Eurozone funding eases but fears remain
The cost of borrowing for some of the eurozone’s biggest countries eased today after a torrid week that saw record highs raise fears of defaults.
Traders speculated the European Central Bank (ECB) was stepping in to buy bonds and drive the costs down.
Yields on Spanish 10 year notes fell to 6.41 per cent, a day after a €30bn (£25.74bn) auction at 6.97 per cent.
Earlier today the yield had hit 7.09 per cent, passing the seven per cent level that saw Greece, Portugal and Ireland seek bailouts.
Italian yields also dropped, falling to 6.71 per cent from 6.79 while the difference between the interest charged on French and German bonds narrowed to 1.63 per cent from over two per cent on Thursday.
Peter O’Flanagan, trader at Clear Currency, said the seven per cent figure on Spanish bonds may have triggered ECB buying.
“There’s a lot of pressure on the ECB to backstop European nations,” he said.
But he added that it without signs of a resolution being reached there was unlikely to be any sustained reduction of the yields.
Spain and Italy will both hold bond auctions next week, along with fellow Eurozone countries Holland and Germany.
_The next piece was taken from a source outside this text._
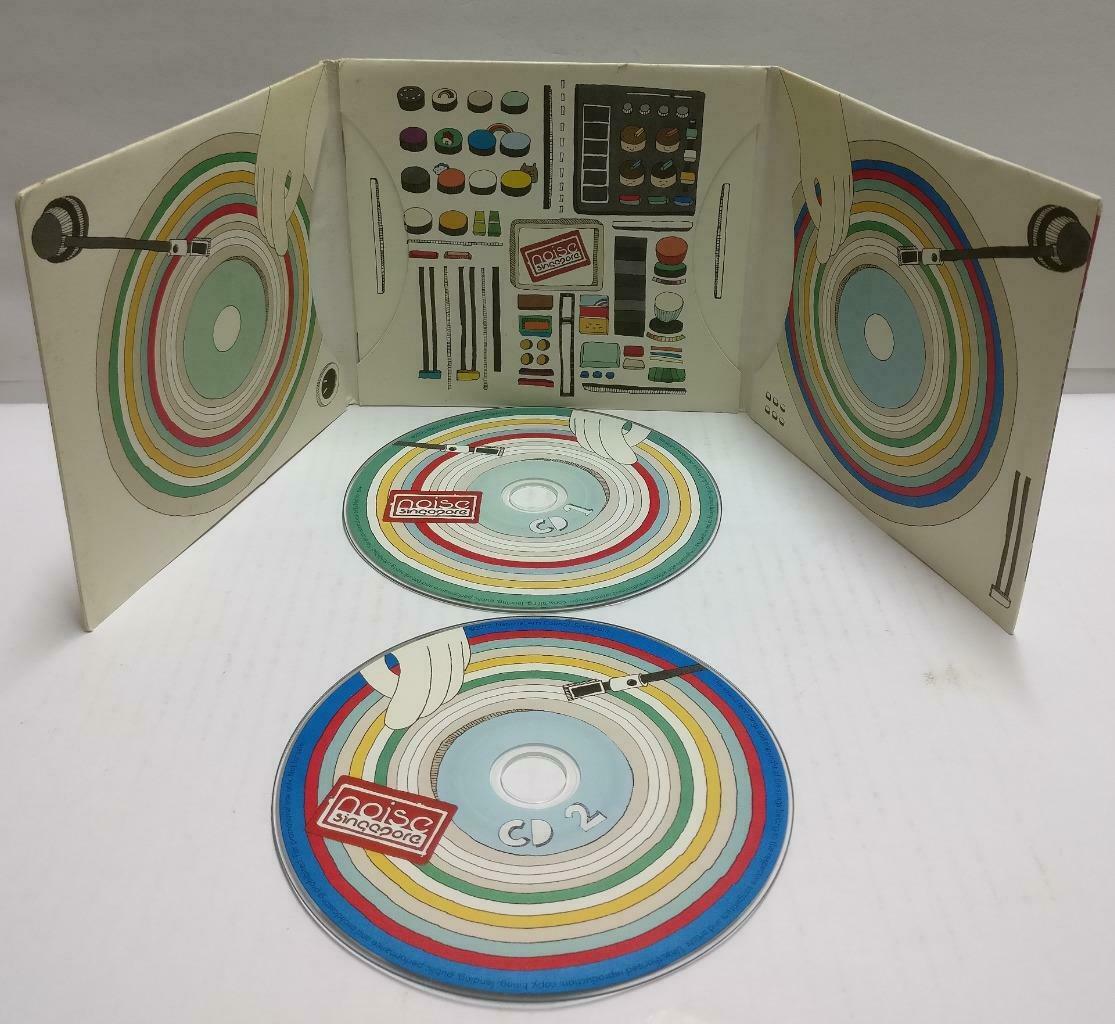Noise By Singapore National Arts Council Nick Tan Bless 2010 Promo 2x CD (CD814)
There is unlikely to be much appetite for those issues as a resolution doesn’t seem near, O’Flanagan said.
The relative calm in the markets came after Mario Draghi fired a broadside at Eurozone leaders.
The new president of the ECB criticised the failure to implement the European Financial Stability Facility.
“Where is the implementation of these long-standing decisions?” he said at a banking conference in Frankfurt. “We should not be waiting any longer.”
Despite the relatively good day, the prospects for sovereign debt remain bleak.
Louise Cooper, Markets analyst at BGC Partners, pointed out that in 2006 the entire debt issued from all 17 Eurozone countries was €5.8trillion, but just four years later that had risen almost 40 per cent to €7.8trillion.
“There is just so much Euro debt out there, there are no more willing buyers,” she said.
“Many banks and investment funds already own an awful lot of Euro sovereign debt, they are up to their armpits in this stuff already, why buy more? Especially when the future looks so bleak.”
But O’Flanagan sees the real issue being the perceived risk of the bonds rather than over-supply.
Josef Ackermann, chief executive of Deutsche Bank, added to the gloom with comments suggesting no end to the crisis is in sight.
“We need to prepare for a prolonged period of volatility and uncertainty,” he said to a gathering of central bankers and regulators at a Frankfurt conference.
“It is time to acknowledge this is the new normality. It will take years for the system to adjust for a new reality.”